'''

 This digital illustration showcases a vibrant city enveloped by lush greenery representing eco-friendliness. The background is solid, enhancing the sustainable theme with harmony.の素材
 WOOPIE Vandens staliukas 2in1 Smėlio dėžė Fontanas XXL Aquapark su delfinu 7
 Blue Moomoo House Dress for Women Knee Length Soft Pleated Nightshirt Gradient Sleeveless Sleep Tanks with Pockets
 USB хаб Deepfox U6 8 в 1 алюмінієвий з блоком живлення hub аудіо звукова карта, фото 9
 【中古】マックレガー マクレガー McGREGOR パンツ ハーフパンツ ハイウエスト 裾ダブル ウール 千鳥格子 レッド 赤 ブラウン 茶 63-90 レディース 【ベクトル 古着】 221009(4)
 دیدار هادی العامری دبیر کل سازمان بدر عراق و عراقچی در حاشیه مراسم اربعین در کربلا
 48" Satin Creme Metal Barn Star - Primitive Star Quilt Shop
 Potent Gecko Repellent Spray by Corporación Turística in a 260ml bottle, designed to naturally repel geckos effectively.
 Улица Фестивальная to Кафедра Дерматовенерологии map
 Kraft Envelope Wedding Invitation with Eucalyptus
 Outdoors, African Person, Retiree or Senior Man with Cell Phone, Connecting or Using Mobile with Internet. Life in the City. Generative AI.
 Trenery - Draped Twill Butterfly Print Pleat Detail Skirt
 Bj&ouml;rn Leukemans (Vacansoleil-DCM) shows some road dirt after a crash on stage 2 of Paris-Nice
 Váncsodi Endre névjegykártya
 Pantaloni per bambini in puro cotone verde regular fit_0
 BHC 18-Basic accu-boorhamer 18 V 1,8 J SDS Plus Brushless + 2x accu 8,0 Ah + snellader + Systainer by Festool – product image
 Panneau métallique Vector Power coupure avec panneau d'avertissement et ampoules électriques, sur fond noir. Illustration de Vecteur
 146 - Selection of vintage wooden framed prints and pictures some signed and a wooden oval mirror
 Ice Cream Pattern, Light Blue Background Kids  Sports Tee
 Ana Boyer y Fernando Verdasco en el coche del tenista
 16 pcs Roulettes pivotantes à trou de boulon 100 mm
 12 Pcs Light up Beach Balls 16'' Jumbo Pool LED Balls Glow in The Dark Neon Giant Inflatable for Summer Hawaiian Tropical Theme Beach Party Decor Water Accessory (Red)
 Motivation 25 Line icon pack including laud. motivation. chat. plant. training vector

'''

#### [Task directions]
A complete, exact transcription of the data above is required.

#### [Result for this exercise]
 This digital illustration showcases a vibrant city enveloped by lush greenery representing eco-friendliness. The background is solid, enhancing the sustainable theme with harmony.の素材
 WOOPIE Vandens staliukas 2in1 Smėlio dėžė Fontanas XXL Aquapark su delfinu 7
 Blue Moomoo House Dress for Women Knee Length Soft Pleated Nightshirt Gradient Sleeveless Sleep Tanks with Pockets
 USB хаб Deepfox U6 8 в 1 алюмінієвий з блоком живлення hub аудіо звукова карта, фото 9
 【中古】マックレガー マクレガー McGREGOR パンツ ハーフパンツ ハイウエスト 裾ダブル ウール 千鳥格子 レッド 赤 ブラウン 茶 63-90 レディース 【ベクトル 古着】 221009(4)
 دیدار هادی العامری دبیر کل سازمان بدر عراق و عراقچی در حاشیه مراسم اربعین در کربلا
 48" Satin Creme Metal Barn Star - Primitive Star Quilt Shop
 Potent Gecko Repellent Spray by Corporación Turística in a 260ml bottle, designed to naturally repel geckos effectively.
 Улица Фестивальная to Кафедра Дерматовенерологии map
 Kraft Envelope Wedding Invitation with Eucalyptus
 Outdoors, African Person, Retiree or Senior Man with Cell Phone, Connecting or Using Mobile with Internet. Life in the City. Generative AI.
 Trenery - Draped Twill Butterfly Print Pleat Detail Skirt
 Bj&ouml;rn Leukemans (Vacansoleil-DCM) shows some road dirt after a crash on stage 2 of Paris-Nice
 Váncsodi Endre névjegykártya
 Pantaloni per bambini in puro cotone verde regular fit_0
 BHC 18-Basic accu-boorhamer 18 V 1,8 J SDS Plus Brushless + 2x accu 8,0 Ah + snellader + Systainer by Festool – product image
 Panneau métallique Vector Power coupure avec panneau d'avertissement et ampoules électriques, sur fond noir. Illustration de Vecteur
 146 - Selection of vintage wooden framed prints and pictures some signed and a wooden oval mirror
 Ice Cream Pattern, Light Blue Background Kids  Sports Tee
 Ana Boyer y Fernando Verdasco en el coche del tenista
 16 pcs Roulettes pivotantes à trou de boulon 100 mm
 12 Pcs Light up Beach Balls 16'' Jumbo Pool LED Balls Glow in The Dark Neon Giant Inflatable for Summer Hawaiian Tropical Theme Beach Party Decor Water Accessory (Red)
 Motivation 25 Line icon pack including laud. motivation. chat. plant. training vector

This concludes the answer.